Your Relationship Matters More Than You Think
Physical desire is heavily influenced by emotions. If your relationship is strained, sex will be too. Intimacy in long-term relationships naturally evolves over time, and unresolved conflict, poor communication, or emotional distance can erode desire even when nothing is physically wrong. The dynamic is reciprocal: how one partner behaves affects how the other responds, and negative patterns can become self-reinforcing.
This doesn’t mean something is broken. It means desire in a long-term relationship requires different conditions than it did in the early months. Novelty, emotional connection, feeling appreciated, and having space for vulnerability all feed sexual interest. When those elements fade, desire tends to fade with them. Couples who address communication patterns directly, sometimes with the help of a therapist, often see desire return as the emotional climate improves.

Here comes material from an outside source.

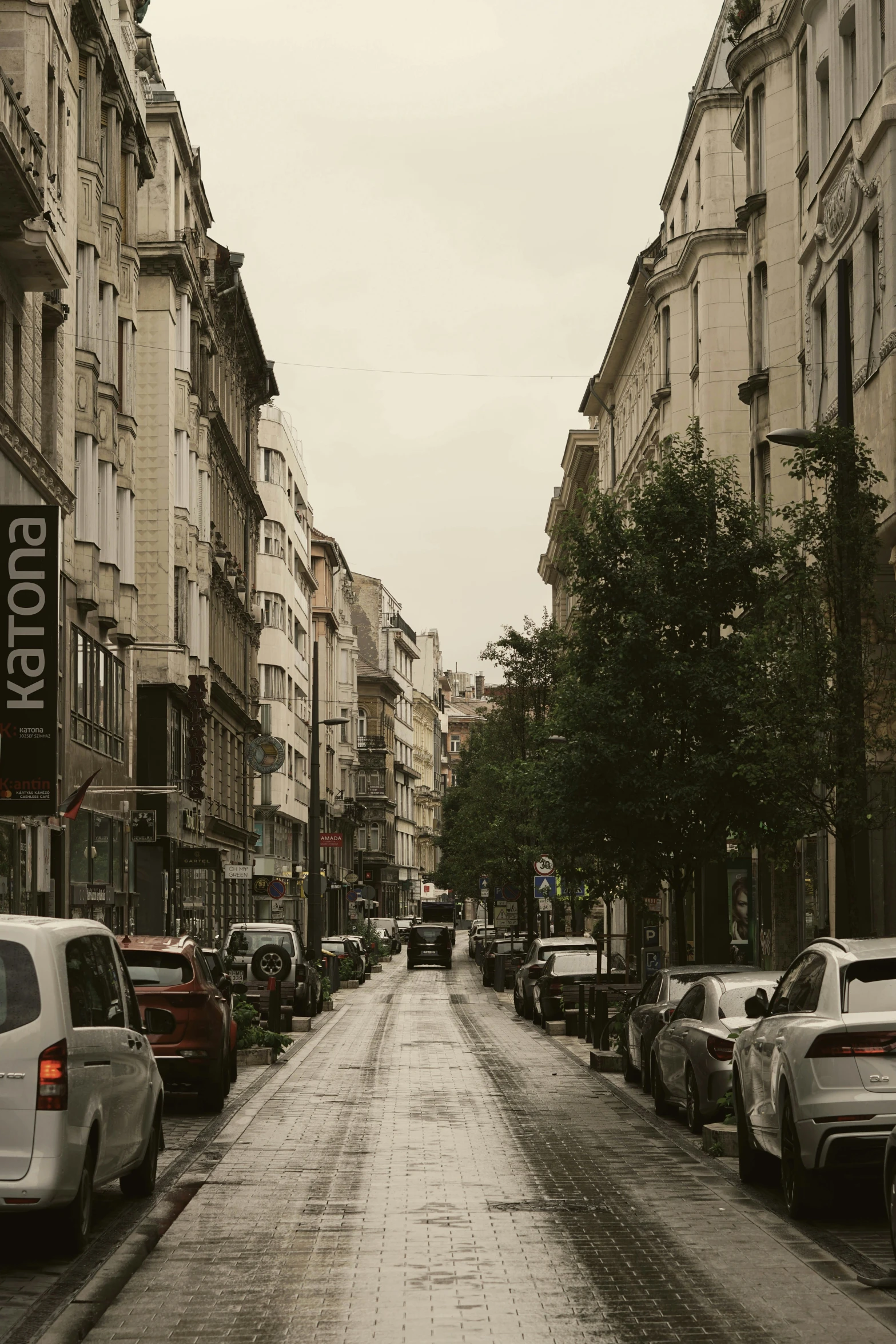 an empty street has cars and buildings on it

Mental Health and Body Image
Depression and anxiety are among the most reliable predictors of low libido, independent of any medication effects. Depression blunts the brain’s reward system broadly, making activities that once felt pleasurable (including sex) feel flat or uninteresting. Anxiety keeps the nervous system in a state of heightened vigilance that competes directly with arousal.
Body image plays a quieter but powerful role. Feeling uncomfortable or self-conscious about your body makes it hard to relax into sexual experiences. This is true across genders, though it’s more frequently studied in women. Weight changes, aging, surgical scars, and postpartum body shifts can all trigger self-consciousness that suppresses desire even when physical health is fine.
How Low Libido Gets Evaluated
If you bring up low sex drive with a doctor, expect a conversation about your medical history, medications, stress levels, sleep, and relationship before any lab work. When blood tests are ordered, the basic screen typically includes testosterone and prolactin. For the most accurate result, testosterone is measured as a “free” level (the amount actually available to your body) from a blood draw taken in the morning, when levels peak.
If testosterone comes back low, follow-up tests can help pinpoint where the problem originates. Levels of luteinizing hormone and follicle-stimulating hormone reveal whether the issue is in the testes or ovaries themselves, or in the brain signals that control them. Thyroid function is commonly checked as well, since both overactive and underactive thyroid can interfere with desire.
Not every case of low libido needs a blood test, though. When the cause is clearly situational (a new medication, a stressful life period, a relationship in conflict, postpartum recovery), addressing that root cause is the more direct path. Many people find their desire rebounds once the circumstances shift, without any medical intervention at all.